Team Members - Parth Korat, Geoff Pawlowski, Ashutosh Sawant
Longer life; this is a universal goal that the world’s countries have been trying to achieve for its peoples’ since countries first came to be. The good news is that the world has been wildly successful at extending life over the past two (2) centuries. The more inconclusive news is that different countries have achieved varying results over time. This is not unexpected as different countries develop at different rates. Figure 1 is just one (1) example of how two countries can have very different life expectancy curves, relative to time. However, with many datasets available to us at this time in history, we are hoping to take advantage of the stratification in life expectancy between countries and several other quantifiable variables. We intend to extract this data, clean it and store it for potential analysis.

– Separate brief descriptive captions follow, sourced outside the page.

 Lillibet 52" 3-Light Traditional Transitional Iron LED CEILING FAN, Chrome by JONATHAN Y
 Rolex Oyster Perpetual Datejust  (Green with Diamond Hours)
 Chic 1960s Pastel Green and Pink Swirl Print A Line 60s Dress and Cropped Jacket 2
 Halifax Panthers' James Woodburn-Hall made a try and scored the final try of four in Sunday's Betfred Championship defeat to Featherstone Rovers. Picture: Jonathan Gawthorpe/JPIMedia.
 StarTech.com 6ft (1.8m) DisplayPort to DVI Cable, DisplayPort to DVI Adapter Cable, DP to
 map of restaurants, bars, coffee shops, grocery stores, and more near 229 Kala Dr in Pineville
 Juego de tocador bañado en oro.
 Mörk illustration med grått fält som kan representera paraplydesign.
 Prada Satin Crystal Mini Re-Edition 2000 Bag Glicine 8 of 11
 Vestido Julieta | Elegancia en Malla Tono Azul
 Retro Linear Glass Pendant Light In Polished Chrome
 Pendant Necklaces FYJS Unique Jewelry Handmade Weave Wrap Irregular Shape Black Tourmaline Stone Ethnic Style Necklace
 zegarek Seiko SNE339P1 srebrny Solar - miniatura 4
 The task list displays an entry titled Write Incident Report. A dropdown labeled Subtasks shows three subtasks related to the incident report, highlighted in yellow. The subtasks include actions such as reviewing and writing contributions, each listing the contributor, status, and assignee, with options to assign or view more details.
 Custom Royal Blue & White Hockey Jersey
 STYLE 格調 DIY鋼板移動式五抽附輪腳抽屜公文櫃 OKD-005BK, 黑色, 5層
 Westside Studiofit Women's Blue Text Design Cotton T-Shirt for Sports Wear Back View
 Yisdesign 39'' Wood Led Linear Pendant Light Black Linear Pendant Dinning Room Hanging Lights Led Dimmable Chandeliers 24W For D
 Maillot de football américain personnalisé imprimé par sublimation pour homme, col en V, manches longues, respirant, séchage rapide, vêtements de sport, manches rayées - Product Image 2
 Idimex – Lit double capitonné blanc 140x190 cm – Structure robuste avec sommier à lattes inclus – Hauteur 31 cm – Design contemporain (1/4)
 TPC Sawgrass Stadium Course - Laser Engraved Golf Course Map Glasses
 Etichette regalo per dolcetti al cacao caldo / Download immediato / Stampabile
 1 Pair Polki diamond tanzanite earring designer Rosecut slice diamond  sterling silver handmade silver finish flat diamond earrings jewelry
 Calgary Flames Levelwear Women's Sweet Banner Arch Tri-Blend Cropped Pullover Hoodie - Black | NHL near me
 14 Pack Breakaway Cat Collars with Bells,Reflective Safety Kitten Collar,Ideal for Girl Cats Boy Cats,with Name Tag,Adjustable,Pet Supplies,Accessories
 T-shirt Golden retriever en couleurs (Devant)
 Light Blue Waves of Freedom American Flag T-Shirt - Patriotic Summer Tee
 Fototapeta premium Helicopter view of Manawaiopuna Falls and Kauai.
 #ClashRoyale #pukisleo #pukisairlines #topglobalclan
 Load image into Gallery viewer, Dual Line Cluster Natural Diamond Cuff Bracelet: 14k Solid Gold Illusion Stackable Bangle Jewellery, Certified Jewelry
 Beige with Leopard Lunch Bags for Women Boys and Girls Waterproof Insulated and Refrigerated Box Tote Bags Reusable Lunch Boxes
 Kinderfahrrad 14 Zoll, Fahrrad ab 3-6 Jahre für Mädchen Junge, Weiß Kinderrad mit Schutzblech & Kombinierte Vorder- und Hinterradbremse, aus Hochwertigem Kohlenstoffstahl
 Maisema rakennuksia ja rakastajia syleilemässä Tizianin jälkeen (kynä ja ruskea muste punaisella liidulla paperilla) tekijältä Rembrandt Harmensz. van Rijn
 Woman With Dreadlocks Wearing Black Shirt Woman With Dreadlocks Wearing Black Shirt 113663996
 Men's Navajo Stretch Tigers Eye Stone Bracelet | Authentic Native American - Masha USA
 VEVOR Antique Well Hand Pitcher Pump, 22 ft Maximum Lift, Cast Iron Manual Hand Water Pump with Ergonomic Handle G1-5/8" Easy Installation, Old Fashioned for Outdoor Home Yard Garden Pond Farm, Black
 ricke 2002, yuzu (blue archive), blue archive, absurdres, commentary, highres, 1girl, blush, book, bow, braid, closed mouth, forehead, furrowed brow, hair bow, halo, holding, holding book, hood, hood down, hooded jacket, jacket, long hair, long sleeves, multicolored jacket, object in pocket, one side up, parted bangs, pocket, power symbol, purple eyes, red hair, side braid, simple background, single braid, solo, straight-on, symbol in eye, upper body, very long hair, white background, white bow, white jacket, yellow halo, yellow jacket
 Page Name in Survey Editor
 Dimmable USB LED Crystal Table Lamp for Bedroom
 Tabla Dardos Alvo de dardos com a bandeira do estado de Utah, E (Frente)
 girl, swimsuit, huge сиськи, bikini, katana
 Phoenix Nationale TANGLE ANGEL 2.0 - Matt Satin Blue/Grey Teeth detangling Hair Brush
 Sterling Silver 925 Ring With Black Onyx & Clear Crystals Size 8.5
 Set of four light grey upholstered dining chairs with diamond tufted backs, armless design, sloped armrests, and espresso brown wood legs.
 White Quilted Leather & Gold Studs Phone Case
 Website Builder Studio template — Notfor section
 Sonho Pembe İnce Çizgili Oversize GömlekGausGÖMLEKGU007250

All datasets were extracted from the links sourced in this readme file as .csv files.
All .csv files were read into Jupyter Notebooks files and transformed into Pandas dataframes for cleaning. The dataset from the UN needed additional cleaning within the .csv to convert text to columns. The years for the features had to be transformed via .replace(), so that the features and the outcome could be joined together. Later the extraneous countries had to be removed using a .notna() method so that the outcome feature had no null values.
Data was graphed to visually inspected for outliers along with conducting anlytical box-plot outlier analysis. There was a batch of data where decimal places were found to be moved 2 places in error after visual inspection and that was corrected.
The final database with the following features were chosen to expediate the process for analysis of the life expectancy dataset. PostgresSQL was the chosen database medium due to the relational nature of the inquiry and the stability of the Postgres platform. One table containing all of the features could also allow for easier multivariate analysis, which was not possible before joining the data in this manner.